Webster's New World Dictionary, College Edition, defines capital in the pertinent parts as: -wealth (money or property) owned or used in business by a person, corporation etc., an accumulated stock of such wealth; wealth, in whatever form, used or capable of being used to produce more wealth; hence, any source of profit or benefit; assets; resources, as energy and education are his only capital.

The same authority defines property when considered in connection with capital as: the right to possess, use and dispose of something; ownership; as property in land. a thing or things owned; holdings or possessions collectively; especially, a land or real estate owned.—any trait or attribute proper to a thing, or, formerly, to a person.—something regarded as being possessed by, or at the disposal, of a person or group of persons:

Applying these definitions to the instant case, it may be considered that the beneficiary has invested and is actively investing capital, both in the form of cash and property, in a commercial enterprise in which he is presently engaged and in which he intends to continue.
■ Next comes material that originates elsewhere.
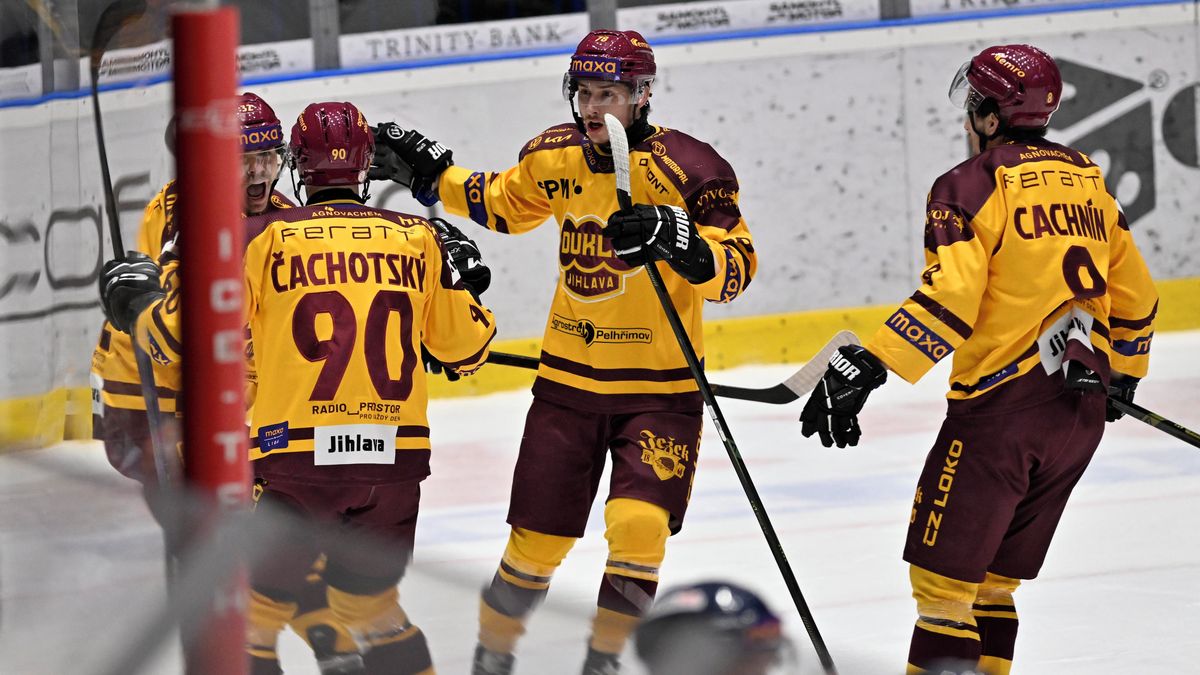 Jihlava uspěla i bez gólmanské jedničky. Duklu nezlomila ve Zlíně ani hrubka náhradníka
Although the beneficiary has only invested $13,992.60 on the basis of the firm's most recent financial statement, the nature of the construction industry is such that the fixed assets of a particular company is not a true reflection of its worth. No large inventory of equipment and goods is required; the physical plant need be neither complex nor extensive and with the exception of heavy equipment, which can be leased or subcontracted, most of the employees will possess their own tools and light equipment; therefore, though a small investment in the light of heavy industry and the world of high finance, by small business standards this investment is considered to be substantial.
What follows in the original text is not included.